From the preface: "The delightful task of editing these Enarrations, which was what I undertook, became, indeed, a very painful one when the general editor informed me that the whole work must be comprised in a single volume of the series. This allowed but one hundred pages to each one of the six volumes of the Oxford translation."


----------



## DTK (Oct 21, 2006)

NaphtaliPress said:


> Is there a difference between Augustine's Exposition of the Psalms as published in the Church Fathers set and the Latin in Migne? The Latin seems quite a bit more extensive. I'm comparing comments on Psalm 104:4 and the Church Fathers has a squib but the Latin seems to have much more comment.


The answer is yes. If you want the best and equally extensive translation, you need to get New City Press' six volumes of Augustine on the Psalms.
http://www.newcitypress.com/productslist.aspx?CategoryID=1&selection=0

DTK


----------



## crhoades (Oct 21, 2006)

Chris, here are the 6 volumes in a recent English translation:

http://www.wtsbooks.com/search-exec/search_term/QXVndXN0aW5lIFBzYWxtcw==/page_num/1

They're available in both paperback and hardback. 

http://www.wtsbooks.com/category-exec/category_id/239/nm/Augustine
Here you'll find the rest of the series.

Thanks for this thread.

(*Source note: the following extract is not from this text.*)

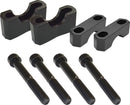 Universal 7/8" Bar Risers Black /Flat - 22 MM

I never bothered looking at these editions of Augustine as I thought they were already contained in the Fathers set.


----------



## crhoades (Oct 21, 2006)

DTK said:


> The answer is yes. If you want the best and equally extensive translation, you need to get New City Press' six volumes of Augustine on the Psalms.
> http://www.newcitypress.com/productslist.aspx?CategoryID=1&selection=0
> 
> DTK


 
Doh! Simulataneous post.


----------



## NaphtaliPress (Oct 21, 2006)

David and Chris, thanks. I found the New City editions while trying to figure this out. I also never realized how much text the Church Father's version of Augustine on the Psalms was lacking. I'm simply citing the migne v37 (this was a reference in one of Gillespie's sermons; I realized something was wrong when the passage in quesiton was so short and didn't match the Latin and translation snippet I had).


----------



## PresReformed (Oct 21, 2006)

Does this mean that most of Augustine's works in the Fathers is edited? It looks like there are a lot more homilies and anti-pelagian writings in the works New City Press offers.


----------



## DTK (Oct 21, 2006)

PresReformed said:


> Does this mean that most of Augustine's works in the Fathers is edited? It looks like there are a lot more homilies and anti-pelagian writings in the works New City Press offers.


Not so much edited as incomplete. New City Press is slowly making available a complete and fresh English translation of all of Augustine's works. Many of his sermons, treatises, and polemical works had never been translated into English. New City Press is a little over half-way in this project. Its translation of Augustine's works is presently on-going, which is why it's taking so long. 

DTK


----------



## PresReformed (Oct 21, 2006)

Are all the works that New City Press is doing more complete than the Fathers edition? In other words, which ones do I need to buy up now?


----------



## DTK (Oct 21, 2006)

PresReformed said:


> Are all the works that New City Press is doing more complete than the Fathers edition? In other words, which ones do I need to buy up now?


You can go here and figure it out for yourself. The charts are very helpful. Study the charts closely, and you'll see what I mean.

http://www.augustinian.villanova.edu/AugustinianStudies/dates.htm

DTK


----------



## PresReformed (Oct 21, 2006)

Thank you David.


----------